Le patient est examiné plusieurs fois afin de comparer les données obtenues et de déterminer rapidement les éventuelles détériorations de son état, d'identifier les premiers symptômes de complications possibles et de commencer le traitement le plus tôt possible.

Les données de l'examen et des études spéciales sont inscrites sur une fiche spéciale de suivi du patient en unité de soins intensifs et notées dans les antécédents médicaux sous forme d'entrées dans le journal.

Lors du suivi d'un patient, il faut se concentrer sur indicateurs critiques de l'activité des organes et des systèmes , qui doit servir de base pour déterminer la cause de la détérioration de l’état du patient et fournir une assistance d’urgence :

1) état du système cardiovasculaire : pouls supérieur à 120 battements/min ; diminution de la pression artérielle systolique à 80 mm Hg. Art. et en dessous et augmenter jusqu'à 200 mm Hg. Art.; troubles du rythme cardiaque; diminution de la pression veineuse centrale en dessous de 50 mmH2O. Art. et l'augmenter à plus de 110 mm d'eau. Art.;

2) l'état du système respiratoire : le nombre de respirations est supérieur à 28 par minute ; raccourcissement prononcé du son de percussion, son sourd au-dessus des poumons lors de la percussion de la poitrine ; absence de bruits respiratoires dans la zone sourde ;

3) état de la peau et des muqueuses visibles : pâleur sévère ; acrocyanose; sueur froide et moite;

4) état du système excréteur : diminution de la miction (quantité d'urine inférieure à 10 ml/h) ; anurie;

5) état du tractus gastro-intestinal : forte tension dans les muscles de la paroi abdominale antérieure ; selles noires, sang dans les selles ; symptôme de Shchetkin-Blumberg fortement positif ; ballonnements sévères, incapacité à évacuer les gaz, absence de bruits intestinaux péristaltiques pendant plus de 3 jours ;

6) état du système nerveux central : perte de conscience ; délires, hallucinations; stimulation motrice, de la parole; état inhibé

7) état de la plaie chirurgicale : transfert excessif de sang sur le pansement ; divergence des bords de la plaie, saillie des organes abdominaux dans la plaie (éventration) ; trempage excessif du bandage avec du pus et du contenu intestinal.

Traitement.

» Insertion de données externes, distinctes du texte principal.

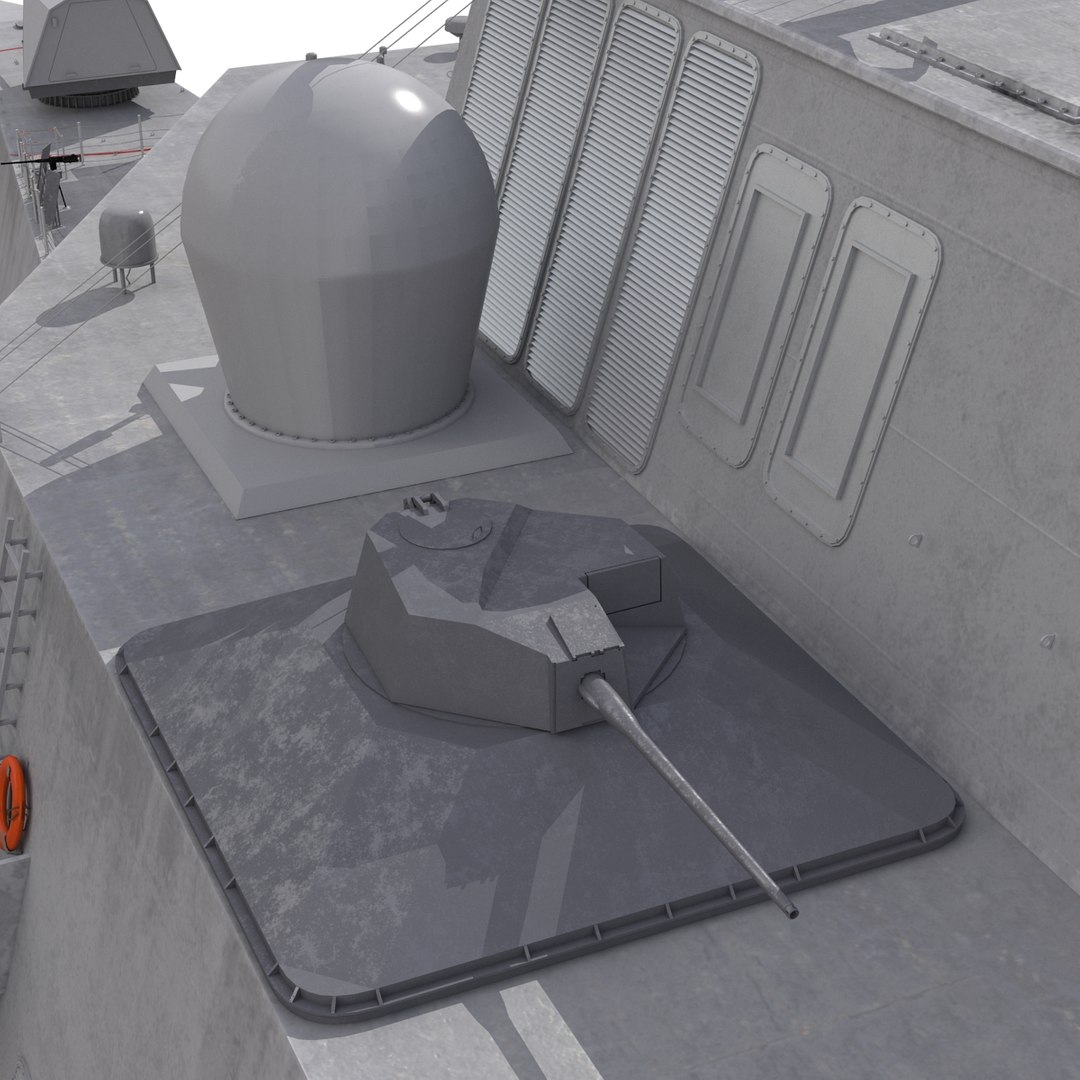 3d uss independence lcs-2 model https://p.turbosquid.com/ts-thumb/TG/oKVYhh/QA9qr1MO/ussindependencelcs2vray3dmodel041/jpg/1469706373/1920x1080/fit_q87/5e58d0e9c8de04f123f873a540e34b9753cff164/ussindependencelcs2vray3dmodel041.jpg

Ils compensent les troubles métaboliques, rétablissent les fonctions organiques altérées, normalisent les processus redox dans les tissus - apport d'oxygène, élimination des produits métaboliques sous-oxydés, du dioxyde de carbone, reconstitution des coûts énergétiques accrus.

Une méthode importante pour maintenir et améliorer le métabolisme des protéines et des électrolytes est la nutrition parentérale et, si possible, entérale du patient. L’introduction naturelle de liquides et de nutriments doit être privilégiée et utilisée le plus tôt possible.

Points clés des soins intensifs en période postopératoire

1. Combattre la douleur grâce aux analgésiques, à l’électroanalgésie, à l’anesthésie péridurale, etc.

2. Restauration de l'activité cardiovasculaire, élimination des troubles de la microcirculation (médicaments cardiovasculaires, rhéopolyglucine).

3. Prévention et traitement de l'insuffisance respiratoire (oxygénothérapie, exercices de respiration, ventilation contrôlée).

4. Thérapie de désintoxication.

5. Correction des troubles métaboliques (équilibre eau-électrolyte, état acido-basique, synthèse protéique).

6. Nutrition parentérale équilibrée.

7. Restauration de la fonction du système excréteur.

8. Restauration de la fonction des organes dont l'activité est altérée en raison d'une intervention chirurgicale (parésie intestinale lors d'opérations sur les organes abdominaux, hypoventilation, atélectasie lors d'opérations sur les poumons, etc.).